WORK INSTRUCTION: Everything in the entries except the pictures should be repeated exactly.

** Opening PROVIDED RECORDS block **

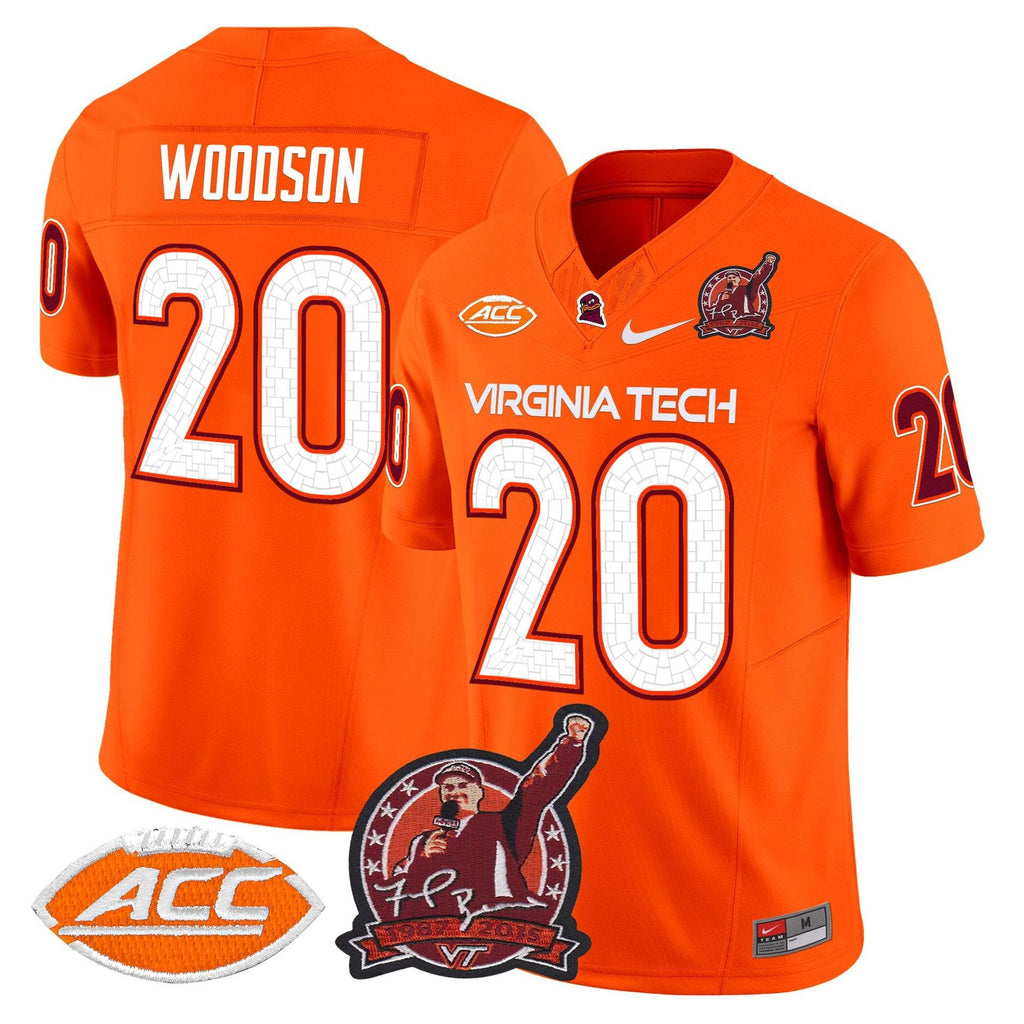 Caleb Woodson Jersey #20 Virginia Tech Hokies Coach Frank Beamer 2025 Orange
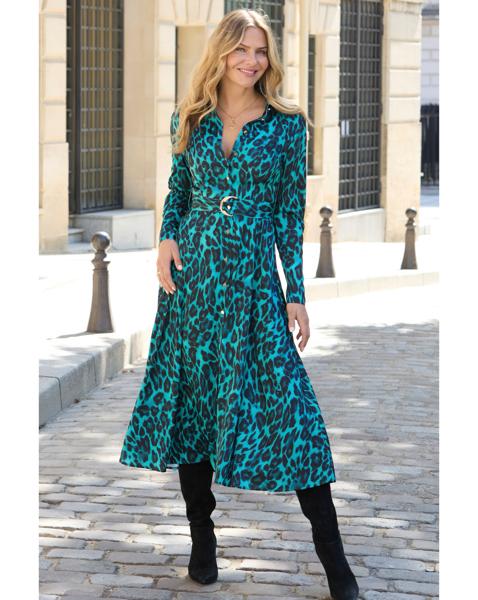 Sosandar Belted Animal Shirt Dress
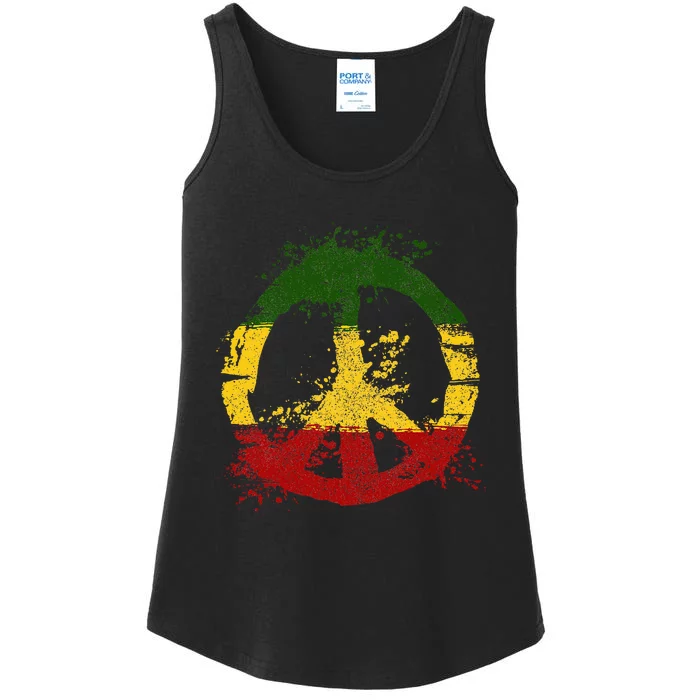 Reggae Music Peace Sign Rastafari Rasta Gift Ladies Essential Tank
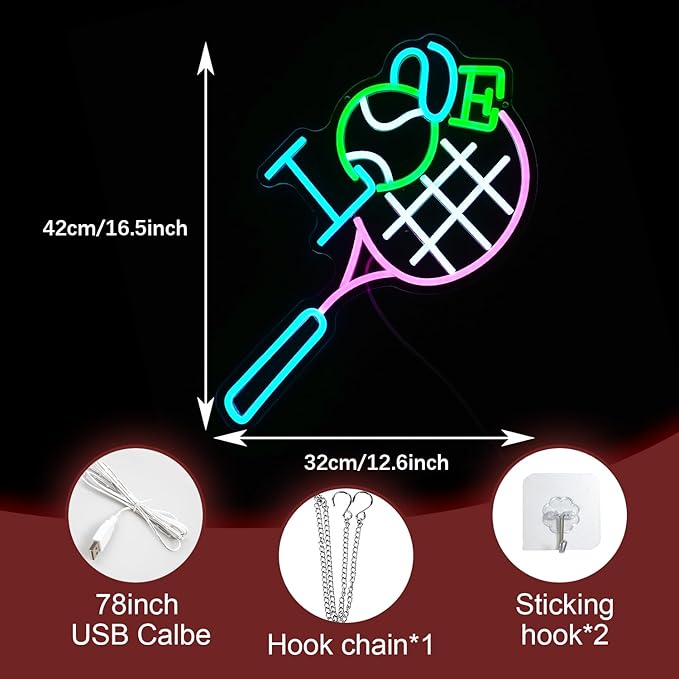 I Love Tennis Neon Sign Distinctive Tennis Led Neon Light for Wall Decor Dimmable USB Tennis Neon Signs Light Up Sign for Gymnasium Club Sports Store Bedroom Gifts(12.6 * 16.5In)-Ruum Studio Home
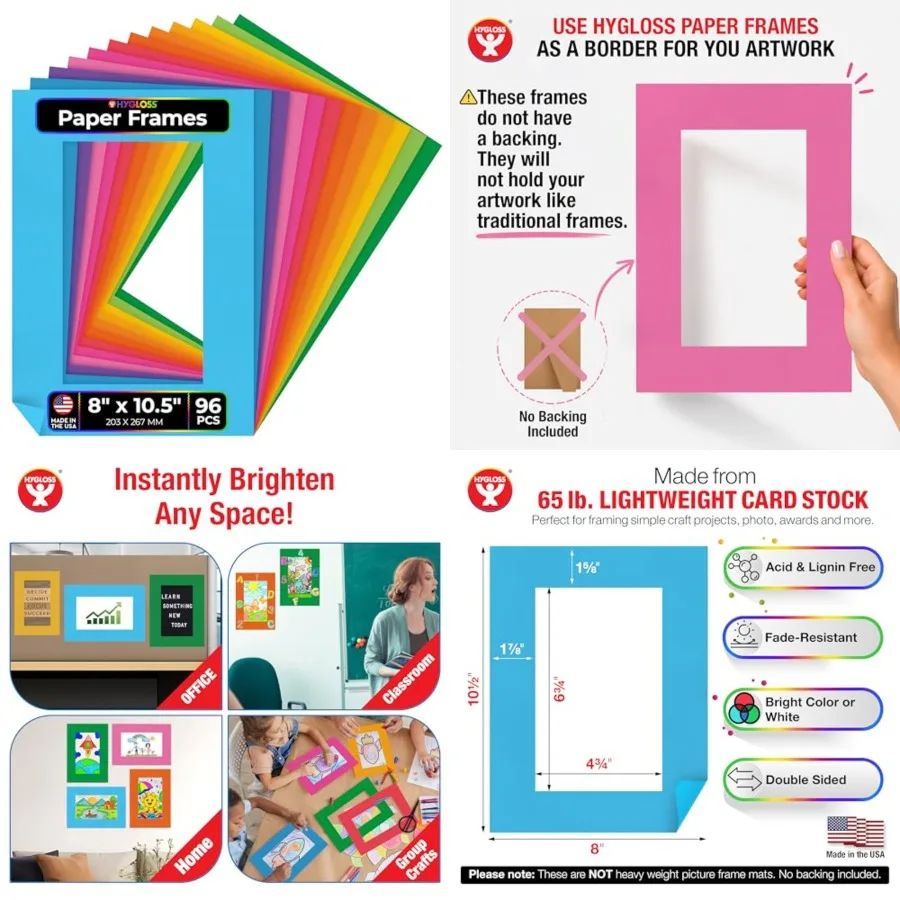 96 Pack Paper Picture Frames, Colorful cardstock Photo Frame 8x10.5-Inch, Paper Frames to Decorate for Wedding Birthday DIY Cla
96 Pack Paper Picture Frames, Colorful cardstock Photo Frame 8x10.5-Inch, Paper Frames to Decorate for Wedding Birthday DIY Cla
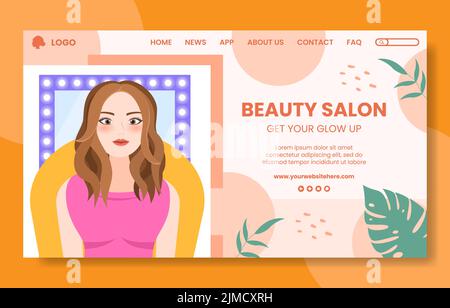 Salone di bellezza Social Media Landing Page Template Flat Cartoon background Vector Illustration Illustrazione Vettoriale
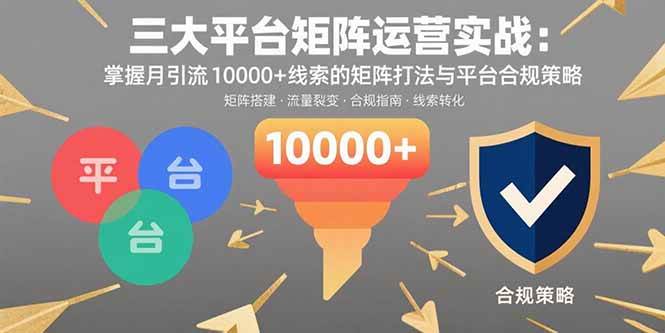 （15841期）三大平台矩阵运营实战：掌握月引流10000+线索的矩阵打法与平台合规策略-水水网赚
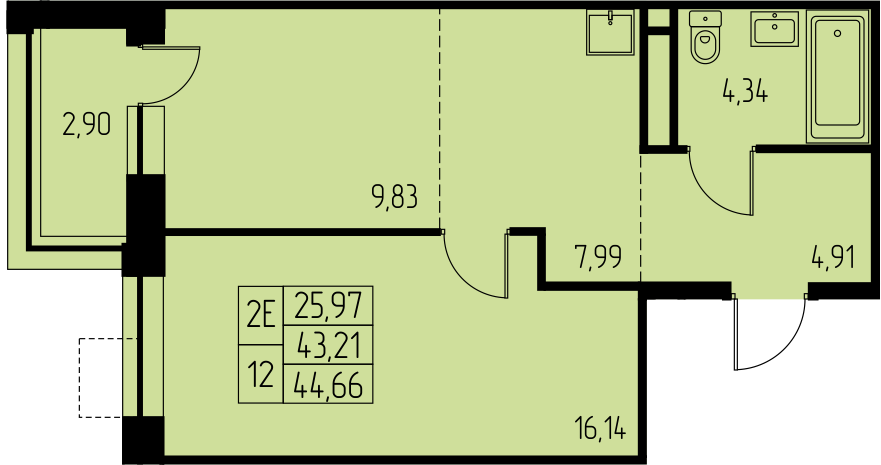 2 комн. квартира, 44.7 м², 21 этаж 
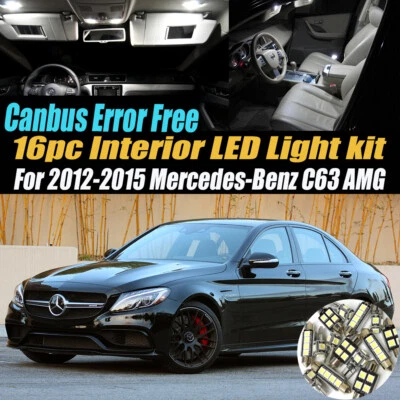 Kit de luces LED interiores blancas sin errores de 16 piezas para Mercedes-Benz C 63AMG 2012-2015 Foto 1 de 4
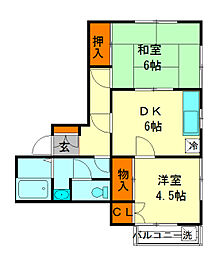 ウィーンハイツＡ棟 1階2DKの間取り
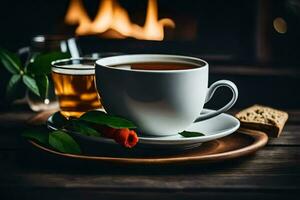 a cup of tea and a cup of coffee on a wooden table. AI-Generated photo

** Closing PROVIDED RECORDS block **

OUTPUT OF THE TASK:
 Caleb Woodson Jersey #20 Virginia Tech Hokies Coach Frank Beamer 2025 Orange
 Sosandar Belted Animal Shirt Dress
 Reggae Music Peace Sign Rastafari Rasta Gift Ladies Essential Tank
 I Love Tennis Neon Sign Distinctive Tennis Led Neon Light for Wall Decor Dimmable USB Tennis Neon Signs Light Up Sign for Gymnasium Club Sports Store Bedroom Gifts(12.6 * 16.5In)-Ruum Studio Home
 96 Pack Paper Picture Frames, Colorful cardstock Photo Frame 8x10.5-Inch, Paper Frames to Decorate for Wedding Birthday DIY Cla
96 Pack Paper Picture Frames, Colorful cardstock Photo Frame 8x10.5-Inch, Paper Frames to Decorate for Wedding Birthday DIY Cla
 Salone di bellezza Social Media Landing Page Template Flat Cartoon background Vector Illustration Illustrazione Vettoriale
 （15841期）三大平台矩阵运营实战：掌握月引流10000+线索的矩阵打法与平台合规策略-水水网赚
 2 комн. квартира, 44.7 м², 21 этаж 
 Kit de luces LED interiores blancas sin errores de 16 piezas para Mercedes-Benz C 63AMG 2012-2015 Foto 1 de 4
 ウィーンハイツＡ棟 1階2DKの間取り
 a cup of tea and a cup of coffee on a wooden table. AI-Generated photo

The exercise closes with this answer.